The story of the early decades of the war on cancer recounted by Conant is one of slow and stubborn insistence on pursuing dead-ends while constantly predicting imminent victory, very much in the pattern of the war on Vietnam, the war on Afghanistan, etc. In 1948, the New York Times described an expansion in the war on cancer as a “C-Day Landing.” In 1953, in one example of many, the Washington Post declared “Cancer Cure Near.” Leading doctors told the media it was no longer a question of if, but when, cancer would be cured.

This war on cancer has not been without achievements. Death rates for various types of cancer have dropped significantly. But cases of cancer have increased significantly.

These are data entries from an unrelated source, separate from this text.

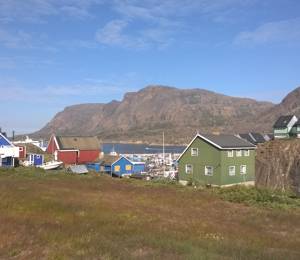 Thematic Networks Success Stories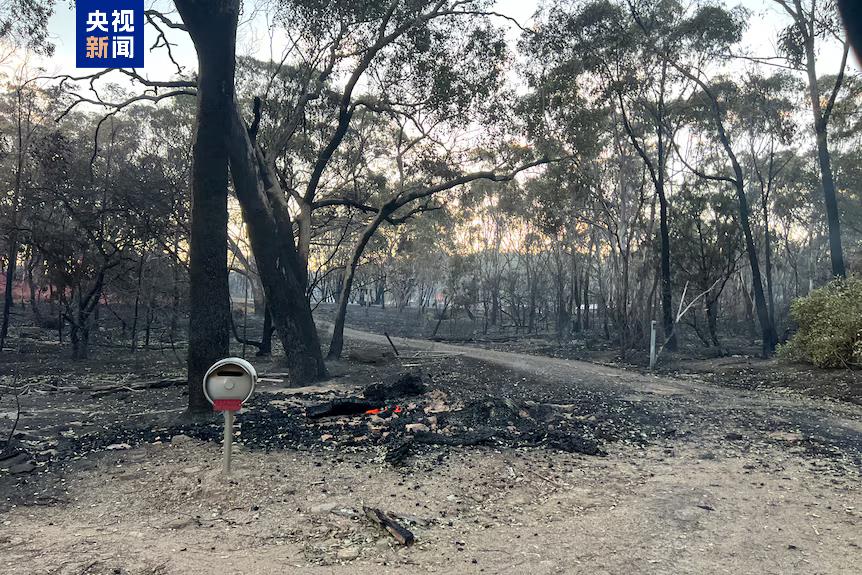 
空军特色医学中心陈瑞萍李强陈杰黄牛挂号电话丛林大火蔓延 澳大利亚维多利亚州进入灾难状态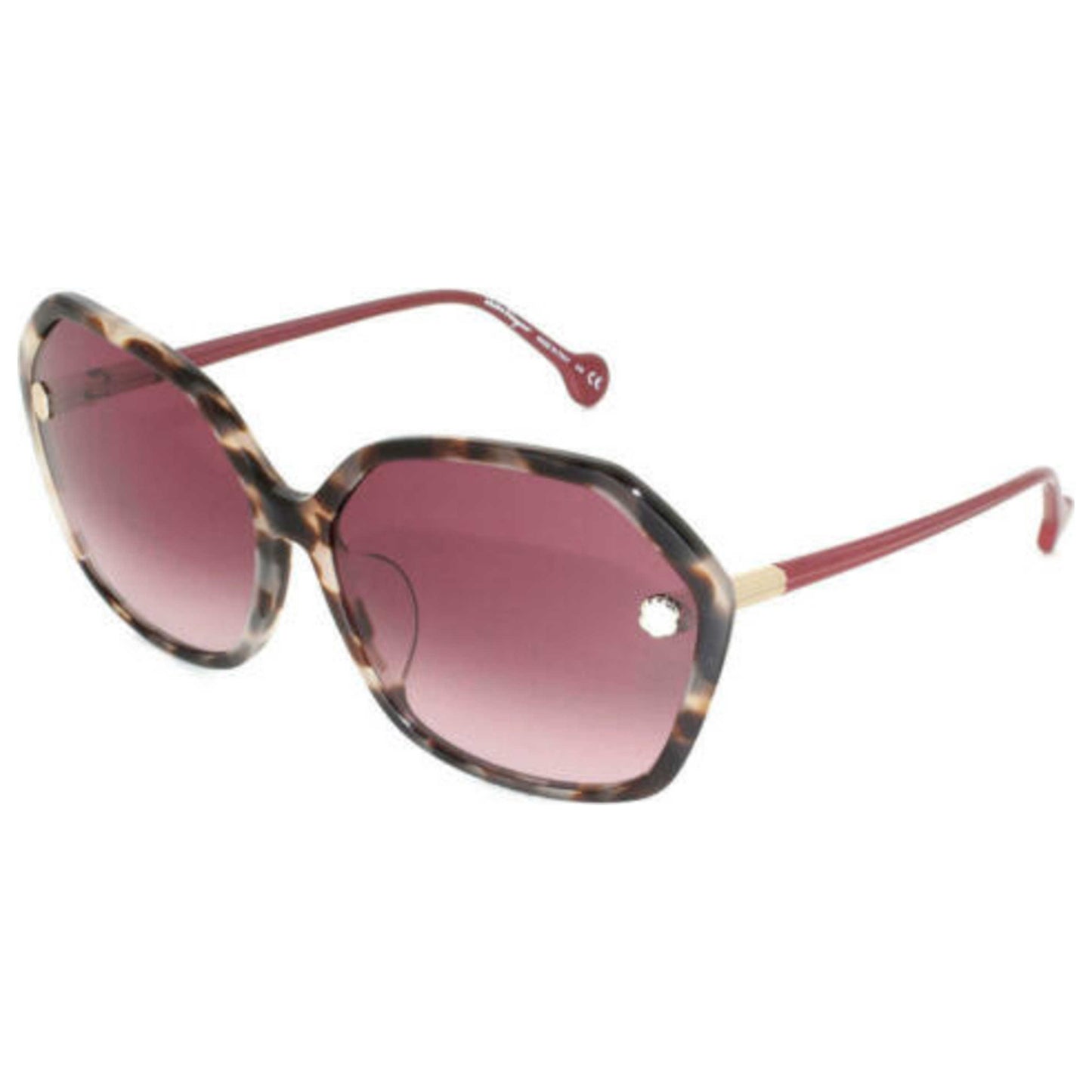 Front view of Ferragamo Fashion Women's Sunglasses FR-SF920SA05365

The idea of ceasing to pollute ecosystems, ceasing to manufacture weapons, ceasing to haul poisons “out to sea,” has never had the attraction of a “war,” never generated pink-clad marches, never won the funding of the oligarchs.

It didn’t have to be this way. Much of the early funding for a war on cancer came from people trying to paper over the shame of their weapons dealing. But it was exclusively the shame of U.S. corporations having built weapons for the Nazis. They had nothing but pride in having simultaneously built weapons for the U.S. government. So, moving away from war did not enter into their calculations.

A key funder of cancer research was Alfred Sloan, whose company, General Motors, had built weaponry for the Nazis right through the war, including with forced labor. It’s popular to point out that GM’s Opel built parts for the planes that bombed London. The same planes bombed the ships in the harbor of Bari. The corporate approach to research, development, and manufacturing that had built those planes, and all of GM’s products, was now to be applied to curing cancer, thereby vindicating GM and its approach to the world. Unfortunately, the industrialization, extractivism, pollution, exploitation, and destruction that all took off globally during WWII and have never eased up, have been a great boon for the spread of cancer.

A key fundraiser and promoter of the war on cancer, who literally compared cancer to Nazis (and vice versa) was Cornelius Packard “Dusty” Rhoads. He drew on the reports from Bari and from Yale to create a whole industry in pursuit of a new approach to cancer: chemotherapy. This was the same Rhoads who had written a note in 1932 advocating the extermination of Puerto Ricans and declaring them to be “even lower than the Italians.” He claimed to have killed 8 Puerto Ricans, to have transplanted cancer into several more, and to have found that physicians took delight in abusing and torturing Puerto Ricans on whom they experimented. This was supposedly the less offensive of two notes known to a later investigation, but generated a scandal that revives every generation or so. In 1949 Time Magazine put Rhoads its cover as “Cancer Fighter.” In 1950, Puerto Ricans purportedly motivated by Rhoads’ letter, very nearly succeeded in assassinating President Harry Truman in Washington, D.C.

It’s unfortunate that Conant, in her book, maintains the pretense that Japan did not want peace until after the Hiroshima bombing, suggesting that the bombing had something to do with creating peace. It’s unfortunate that she doesn’t question the entire enterprise of war. Nonetheless, The Great Secret provides a wealth of information that can help us understand how we came to where we are — including those of us living in the current United States that just found $740 billion for the Pentagon and $0 for treating a new deadly pandemic.